Data to use
···
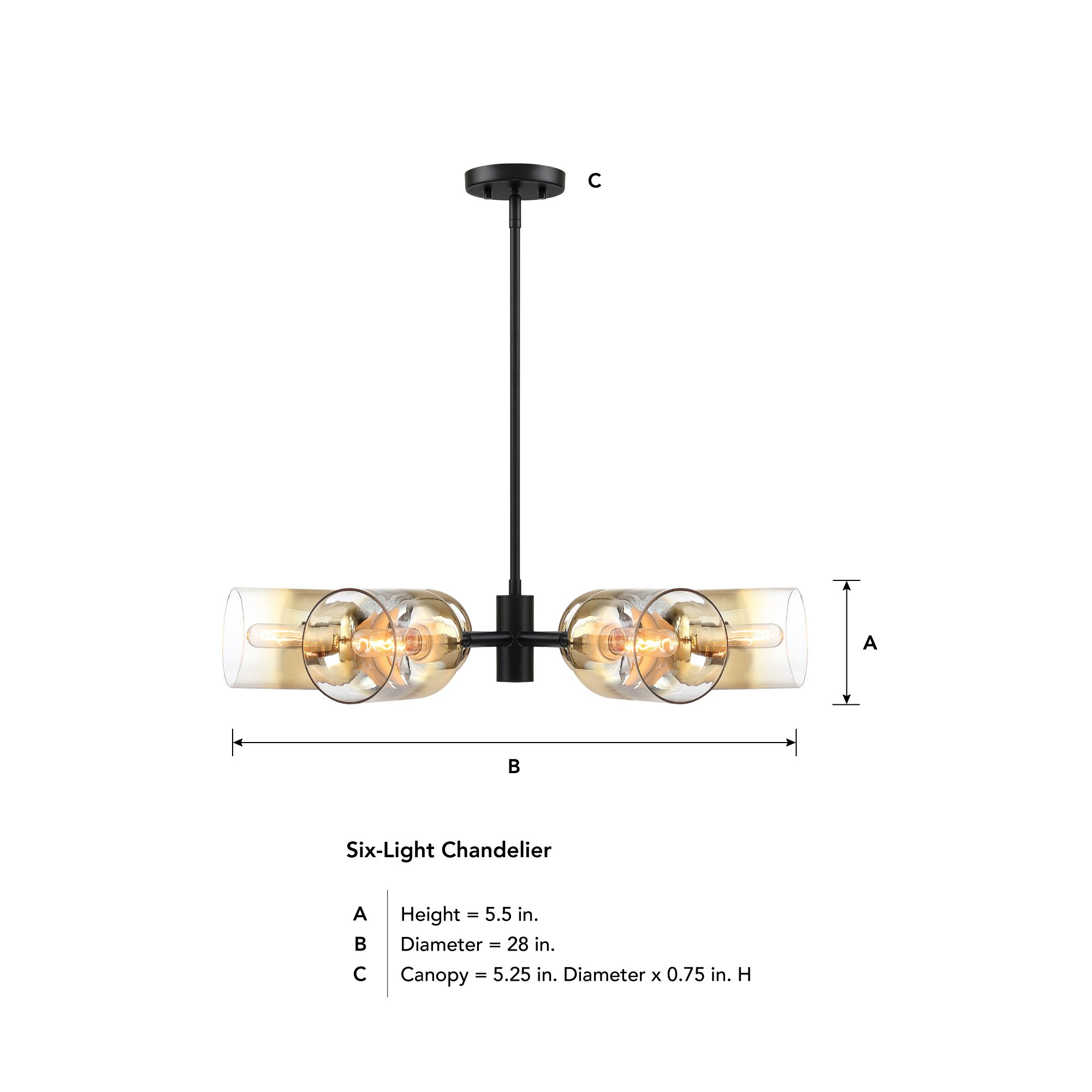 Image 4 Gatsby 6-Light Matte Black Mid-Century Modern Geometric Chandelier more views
···
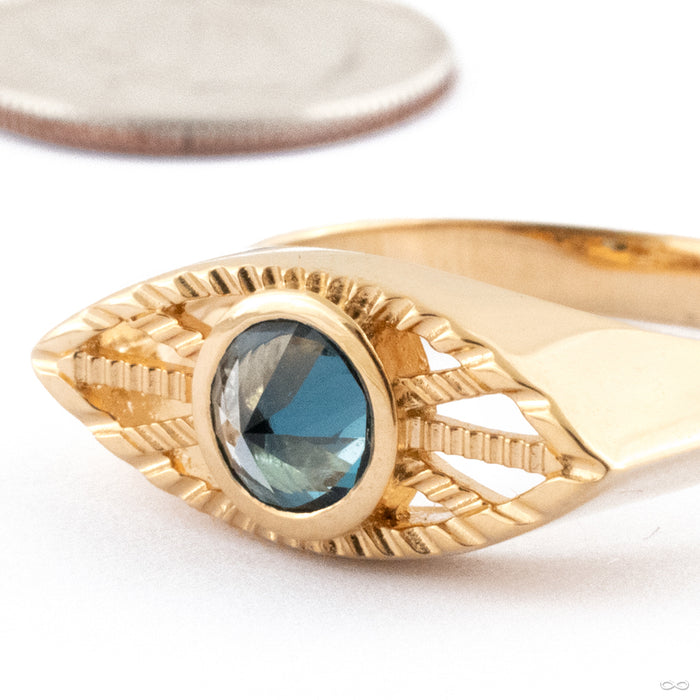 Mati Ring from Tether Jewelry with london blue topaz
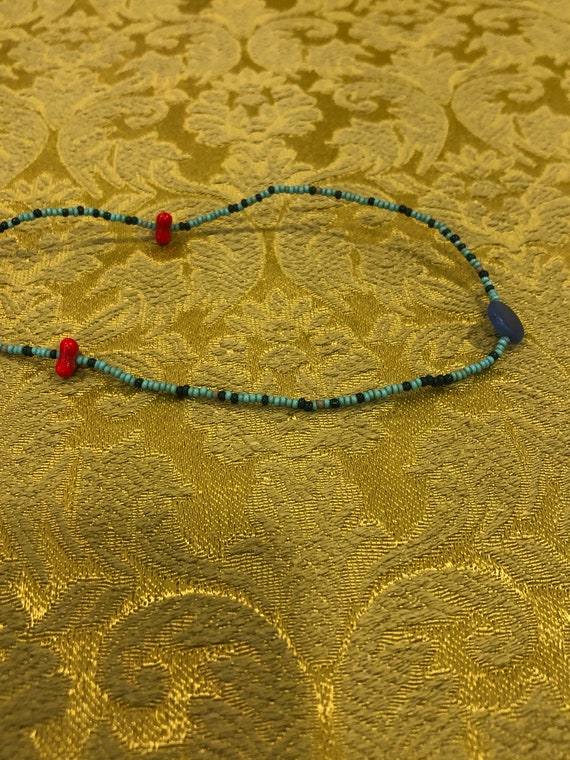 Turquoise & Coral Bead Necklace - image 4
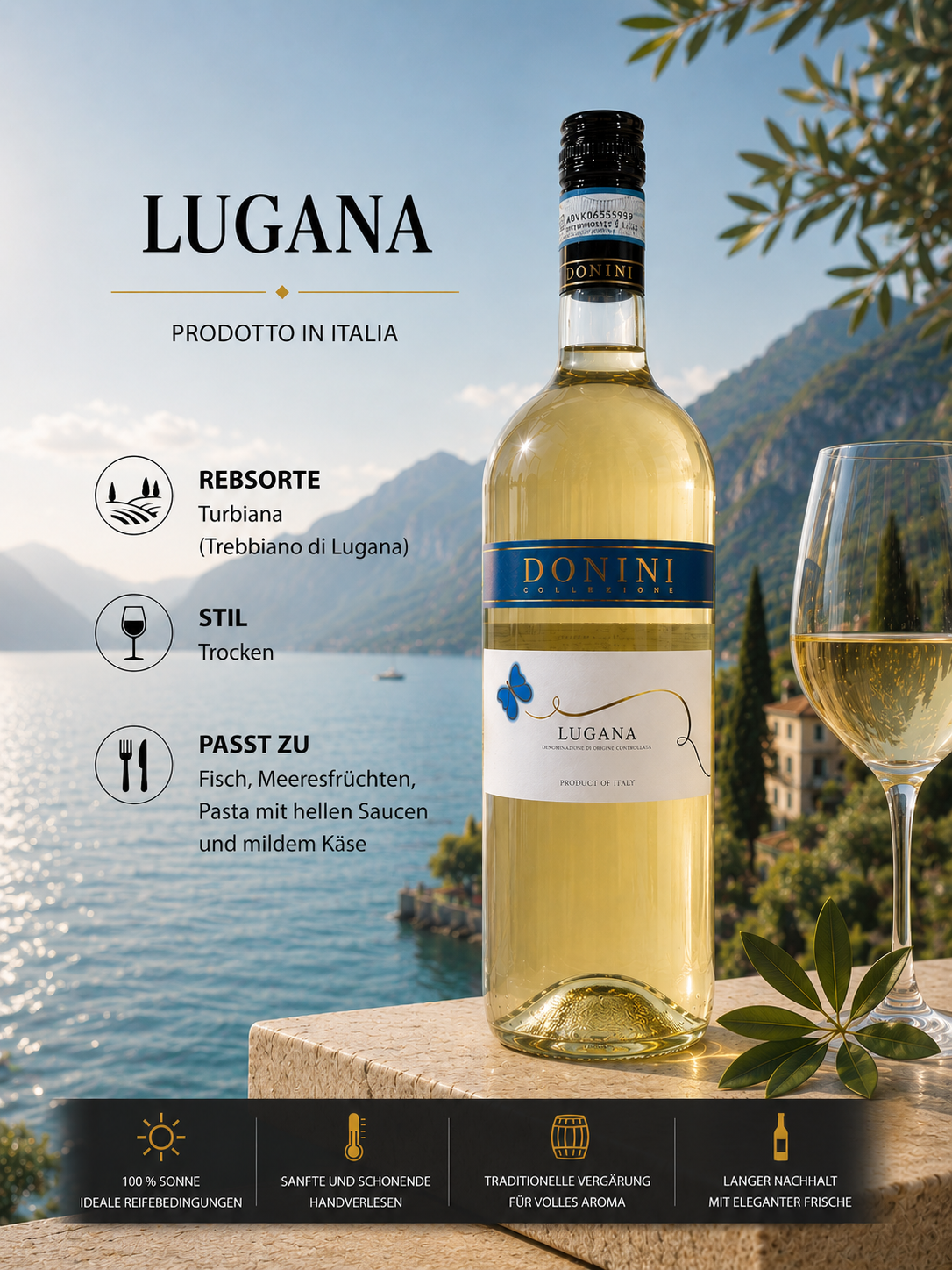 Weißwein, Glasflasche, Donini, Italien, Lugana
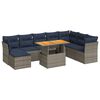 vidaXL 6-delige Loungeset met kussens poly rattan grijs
···
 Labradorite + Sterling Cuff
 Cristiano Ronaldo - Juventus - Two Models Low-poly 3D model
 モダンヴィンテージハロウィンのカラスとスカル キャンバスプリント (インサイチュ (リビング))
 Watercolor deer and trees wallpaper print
···
Task requirements
Copy exactly the lines of the listing above between the one holding "Turquoise & Coral Bead Necklace - image 4" and the one holding "vidaXL 6-delige Loungeset", inclusive; omit all pictures.

Answer area
 Turquoise & Coral Bead Necklace - image 4
 Weißwein, Glasflasche, Donini, Italien, Lugana
 vidaXL 6-delige Loungeset met kussens poly rattan grijs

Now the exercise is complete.